I’ve been feeling this melancholia or even the vague edges of depression again. I cheer up around Kathryn and around friends, but even then at times I’m feeling the edges of something that’s concerning to me. And I’m not sure exactly why. I know I miss Europe – and I miss feeling comfortable with traveling. I miss a sensible length of paid holidays, not worrying that the the next illness could suck all the money from our scant savings.
I know that the rise of the right wing has fucked up much of Europe as much as it’s fucking up America, and I don’t really know what to do with that in my head. I know that the UK that I thought at least partially existed is nothing more than a mirage from living in left-leaning liberal bits of England where people who weren’t white and weren’t English were welcomed.

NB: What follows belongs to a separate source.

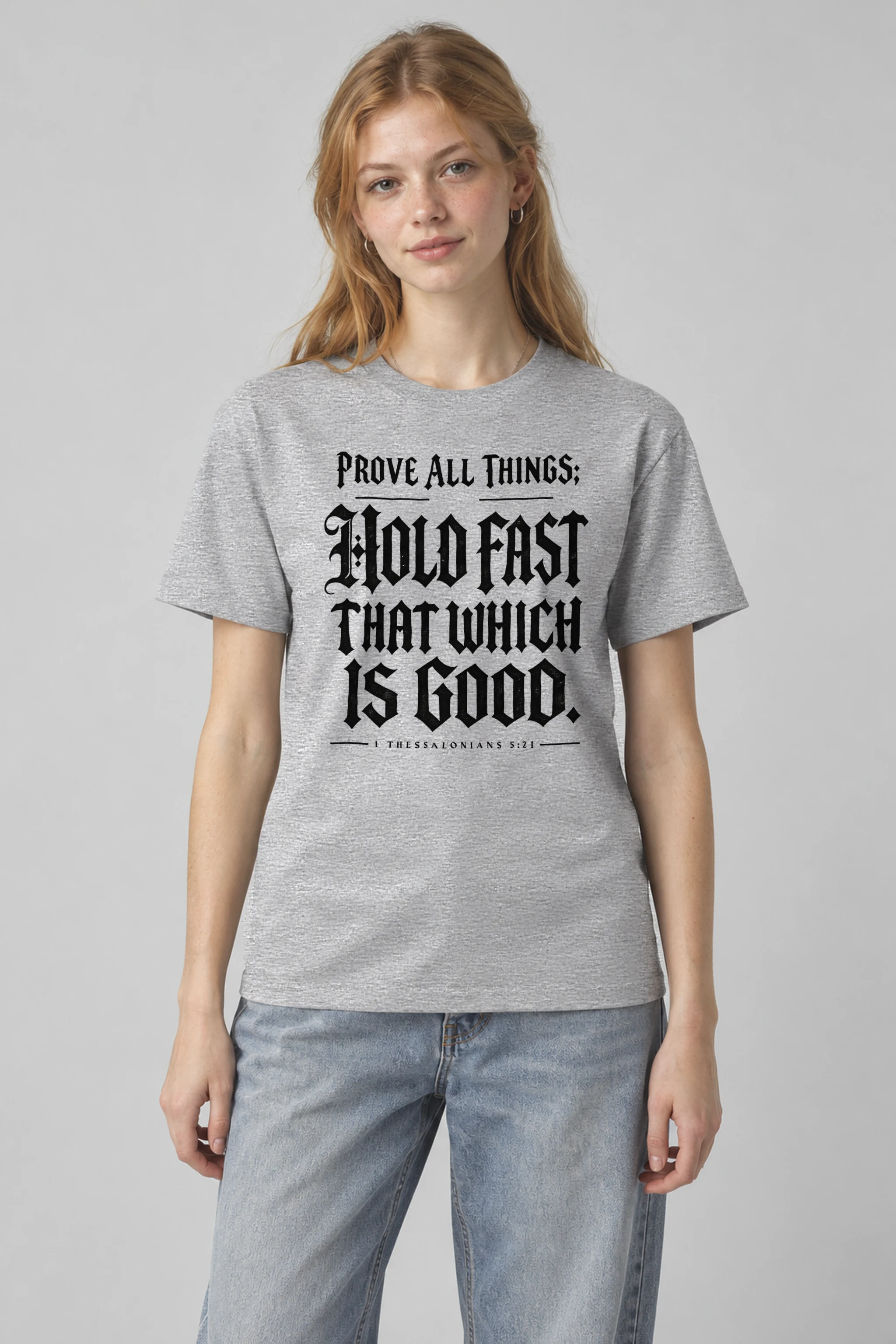 "Prove All Things" Heavyweight Unisex Crewneck T-shirt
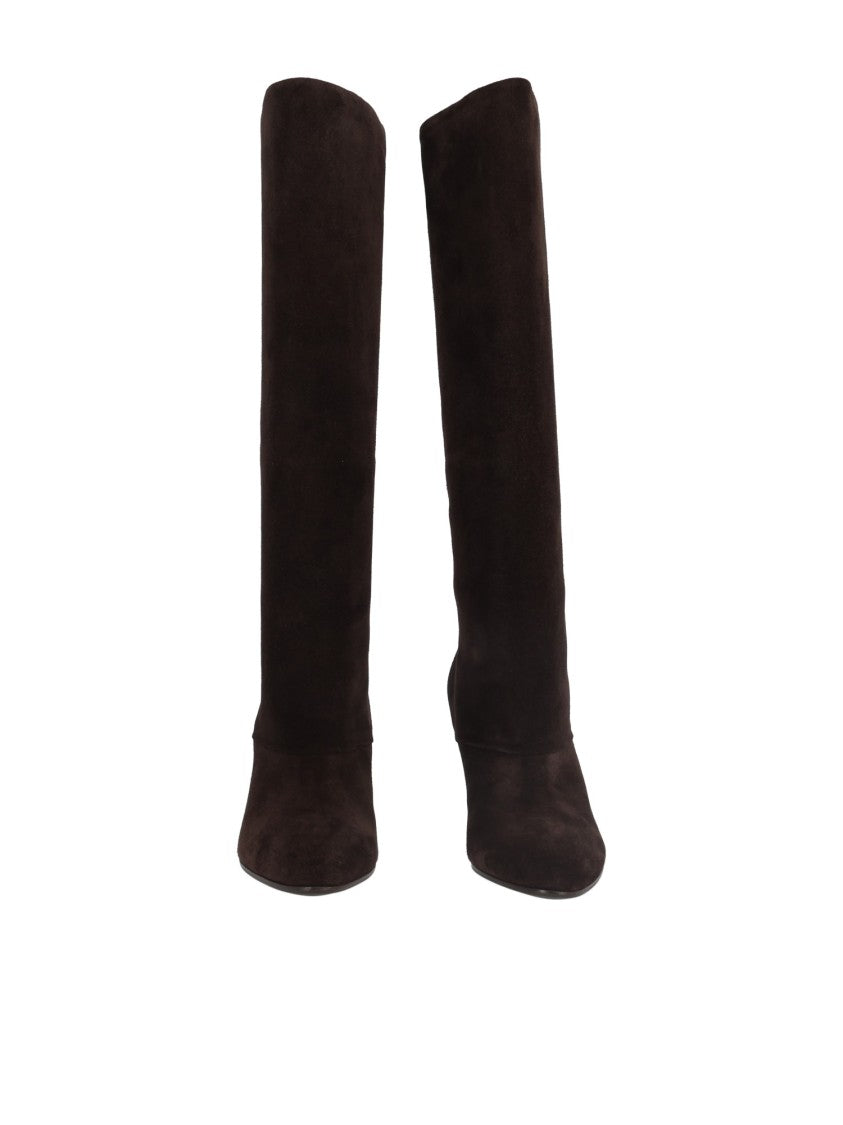 Sergio Levantesi Ebony Onesta67 Leather Knee-High Boots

I get that. It hurts. But I get it.
It’s funny, because in many respects, job-wise we’re both better off than we’ve ever been. If we can ever get this house project moving and, indeed, get it done, it’s much closer to building our own house than we’ve ever done before. I mean, it’s frustratingly not building our house on the land we bought for that purpose. And that leaves it with an edge of frustration. As does the startling discovery that the city really care about the appearance of that street.
I dunno. It all just feels vaguely unsatisfactory and I can’t entirely explain why.
I’m hoping this will improve when we actually get started on something, as at the moment my brain is mainly occupied with being frustrated about things we can’t afford to do.